WHAT IS BEING ASKED: Scan the records for the string "Peugeot". State how many lines contain it and add nothing.

Excerpts from a dataset:
┄┄┄┄┄┄┄┄┄┄

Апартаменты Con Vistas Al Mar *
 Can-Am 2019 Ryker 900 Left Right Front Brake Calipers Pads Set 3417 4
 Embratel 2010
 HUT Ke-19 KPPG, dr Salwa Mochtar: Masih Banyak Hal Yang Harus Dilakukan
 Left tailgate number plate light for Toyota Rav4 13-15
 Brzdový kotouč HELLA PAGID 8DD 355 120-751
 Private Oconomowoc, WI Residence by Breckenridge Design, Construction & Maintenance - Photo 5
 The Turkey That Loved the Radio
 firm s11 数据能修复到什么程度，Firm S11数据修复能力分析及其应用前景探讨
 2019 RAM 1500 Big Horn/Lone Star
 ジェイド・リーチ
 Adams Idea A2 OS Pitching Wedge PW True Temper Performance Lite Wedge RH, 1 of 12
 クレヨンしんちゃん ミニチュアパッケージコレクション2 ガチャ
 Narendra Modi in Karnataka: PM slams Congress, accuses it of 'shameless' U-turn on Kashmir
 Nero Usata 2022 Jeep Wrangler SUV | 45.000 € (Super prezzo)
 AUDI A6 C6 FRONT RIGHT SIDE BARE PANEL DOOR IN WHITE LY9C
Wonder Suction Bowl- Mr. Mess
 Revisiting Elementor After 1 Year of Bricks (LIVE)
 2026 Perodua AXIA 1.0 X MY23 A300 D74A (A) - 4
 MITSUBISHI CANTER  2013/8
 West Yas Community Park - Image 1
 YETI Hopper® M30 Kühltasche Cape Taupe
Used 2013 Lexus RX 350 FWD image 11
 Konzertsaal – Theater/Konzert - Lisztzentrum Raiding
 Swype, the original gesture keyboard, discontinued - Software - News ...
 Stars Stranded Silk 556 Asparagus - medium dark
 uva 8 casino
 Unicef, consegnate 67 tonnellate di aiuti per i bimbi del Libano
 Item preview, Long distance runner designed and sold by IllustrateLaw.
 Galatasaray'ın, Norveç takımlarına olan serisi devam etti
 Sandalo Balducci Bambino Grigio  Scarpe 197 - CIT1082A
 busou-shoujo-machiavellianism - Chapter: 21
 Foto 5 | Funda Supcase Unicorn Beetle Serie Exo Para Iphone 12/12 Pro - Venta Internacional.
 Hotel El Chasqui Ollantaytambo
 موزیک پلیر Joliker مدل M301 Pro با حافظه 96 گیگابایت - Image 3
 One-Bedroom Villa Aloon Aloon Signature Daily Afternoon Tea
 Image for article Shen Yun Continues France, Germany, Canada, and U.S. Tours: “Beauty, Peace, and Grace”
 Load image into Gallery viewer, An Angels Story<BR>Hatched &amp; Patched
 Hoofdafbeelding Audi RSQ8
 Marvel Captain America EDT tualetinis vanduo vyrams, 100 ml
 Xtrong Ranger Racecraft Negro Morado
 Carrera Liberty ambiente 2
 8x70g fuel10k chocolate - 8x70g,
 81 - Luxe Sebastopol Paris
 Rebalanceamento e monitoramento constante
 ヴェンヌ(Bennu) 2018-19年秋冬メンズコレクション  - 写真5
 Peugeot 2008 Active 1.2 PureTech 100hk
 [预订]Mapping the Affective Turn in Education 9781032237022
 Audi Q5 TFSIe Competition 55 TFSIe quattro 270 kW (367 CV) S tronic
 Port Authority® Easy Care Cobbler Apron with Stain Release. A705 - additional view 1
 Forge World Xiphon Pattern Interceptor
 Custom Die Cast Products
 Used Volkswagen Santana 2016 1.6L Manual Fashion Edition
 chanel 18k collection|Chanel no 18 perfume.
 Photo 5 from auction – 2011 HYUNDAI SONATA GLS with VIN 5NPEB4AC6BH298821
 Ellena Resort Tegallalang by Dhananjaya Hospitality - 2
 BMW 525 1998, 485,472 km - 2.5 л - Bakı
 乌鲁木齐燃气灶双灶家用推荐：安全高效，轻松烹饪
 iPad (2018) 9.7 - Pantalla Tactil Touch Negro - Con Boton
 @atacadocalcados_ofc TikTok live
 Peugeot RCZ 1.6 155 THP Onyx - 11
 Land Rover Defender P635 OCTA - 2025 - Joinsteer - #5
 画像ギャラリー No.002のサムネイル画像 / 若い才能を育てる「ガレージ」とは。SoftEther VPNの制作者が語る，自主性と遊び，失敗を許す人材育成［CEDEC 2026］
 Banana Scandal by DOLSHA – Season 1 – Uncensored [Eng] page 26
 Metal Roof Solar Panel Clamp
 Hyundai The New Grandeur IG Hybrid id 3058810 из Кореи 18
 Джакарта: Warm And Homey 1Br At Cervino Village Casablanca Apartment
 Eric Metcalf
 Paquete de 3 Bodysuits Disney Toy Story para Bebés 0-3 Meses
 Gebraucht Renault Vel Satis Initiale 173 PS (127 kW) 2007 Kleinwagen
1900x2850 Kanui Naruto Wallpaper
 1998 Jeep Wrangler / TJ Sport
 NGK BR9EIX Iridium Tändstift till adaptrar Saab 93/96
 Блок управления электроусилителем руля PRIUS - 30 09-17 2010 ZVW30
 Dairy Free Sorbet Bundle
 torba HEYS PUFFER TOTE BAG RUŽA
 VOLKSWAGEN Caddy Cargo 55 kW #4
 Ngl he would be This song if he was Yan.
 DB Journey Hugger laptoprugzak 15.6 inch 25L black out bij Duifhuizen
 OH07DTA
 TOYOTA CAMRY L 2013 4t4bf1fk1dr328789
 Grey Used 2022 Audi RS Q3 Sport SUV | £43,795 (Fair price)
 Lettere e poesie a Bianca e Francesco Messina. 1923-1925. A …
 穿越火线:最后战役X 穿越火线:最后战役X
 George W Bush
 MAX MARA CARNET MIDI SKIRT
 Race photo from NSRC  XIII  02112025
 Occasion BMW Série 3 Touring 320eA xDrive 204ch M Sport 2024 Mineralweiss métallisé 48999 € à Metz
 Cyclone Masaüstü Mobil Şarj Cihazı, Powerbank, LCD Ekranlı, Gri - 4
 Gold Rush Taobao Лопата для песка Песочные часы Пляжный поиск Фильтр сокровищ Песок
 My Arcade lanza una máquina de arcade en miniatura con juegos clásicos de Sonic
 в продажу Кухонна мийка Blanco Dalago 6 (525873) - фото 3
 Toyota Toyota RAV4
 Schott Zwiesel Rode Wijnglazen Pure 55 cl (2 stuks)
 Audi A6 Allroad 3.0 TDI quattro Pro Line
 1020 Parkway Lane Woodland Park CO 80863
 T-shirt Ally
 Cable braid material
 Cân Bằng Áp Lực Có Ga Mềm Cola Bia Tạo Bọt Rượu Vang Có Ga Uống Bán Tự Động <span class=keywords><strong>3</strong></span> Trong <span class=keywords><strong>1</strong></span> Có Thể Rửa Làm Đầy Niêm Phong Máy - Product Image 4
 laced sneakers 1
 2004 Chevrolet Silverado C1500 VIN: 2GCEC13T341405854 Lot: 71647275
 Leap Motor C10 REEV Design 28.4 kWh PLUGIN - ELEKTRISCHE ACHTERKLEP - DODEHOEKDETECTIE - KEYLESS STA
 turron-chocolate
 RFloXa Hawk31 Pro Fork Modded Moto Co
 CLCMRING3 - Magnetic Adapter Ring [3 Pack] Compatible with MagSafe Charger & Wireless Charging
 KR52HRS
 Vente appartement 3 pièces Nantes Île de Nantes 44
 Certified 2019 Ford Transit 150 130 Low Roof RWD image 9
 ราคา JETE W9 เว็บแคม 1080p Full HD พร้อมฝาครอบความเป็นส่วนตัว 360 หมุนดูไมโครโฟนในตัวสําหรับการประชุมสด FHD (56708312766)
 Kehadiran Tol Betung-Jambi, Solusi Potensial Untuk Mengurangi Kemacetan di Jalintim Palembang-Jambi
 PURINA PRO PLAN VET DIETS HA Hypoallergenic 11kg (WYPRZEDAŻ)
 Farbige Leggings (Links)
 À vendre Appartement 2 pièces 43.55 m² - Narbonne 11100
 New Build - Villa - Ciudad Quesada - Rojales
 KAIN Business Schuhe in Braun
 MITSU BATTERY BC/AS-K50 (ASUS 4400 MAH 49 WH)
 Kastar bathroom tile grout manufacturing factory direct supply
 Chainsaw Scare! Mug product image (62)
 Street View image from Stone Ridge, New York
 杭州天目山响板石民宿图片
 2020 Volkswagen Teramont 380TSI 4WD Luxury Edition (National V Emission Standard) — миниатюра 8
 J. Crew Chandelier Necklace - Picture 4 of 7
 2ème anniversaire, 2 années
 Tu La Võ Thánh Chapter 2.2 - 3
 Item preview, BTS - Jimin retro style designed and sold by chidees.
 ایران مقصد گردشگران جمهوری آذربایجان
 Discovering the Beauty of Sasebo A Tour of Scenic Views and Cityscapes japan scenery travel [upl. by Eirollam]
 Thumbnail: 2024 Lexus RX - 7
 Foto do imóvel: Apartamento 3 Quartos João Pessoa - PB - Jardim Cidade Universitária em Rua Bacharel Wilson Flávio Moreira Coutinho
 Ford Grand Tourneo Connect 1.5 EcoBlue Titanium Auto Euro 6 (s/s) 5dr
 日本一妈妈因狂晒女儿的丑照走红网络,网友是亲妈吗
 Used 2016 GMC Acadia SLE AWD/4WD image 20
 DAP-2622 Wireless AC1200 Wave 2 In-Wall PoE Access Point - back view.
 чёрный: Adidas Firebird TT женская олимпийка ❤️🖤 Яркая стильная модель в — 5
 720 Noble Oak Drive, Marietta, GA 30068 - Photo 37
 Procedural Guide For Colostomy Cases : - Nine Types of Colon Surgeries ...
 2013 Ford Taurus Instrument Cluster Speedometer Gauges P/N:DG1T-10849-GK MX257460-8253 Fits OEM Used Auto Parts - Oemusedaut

┄┄┄┄┄┄┄┄┄┄

PROBLEM SOLUTION: 2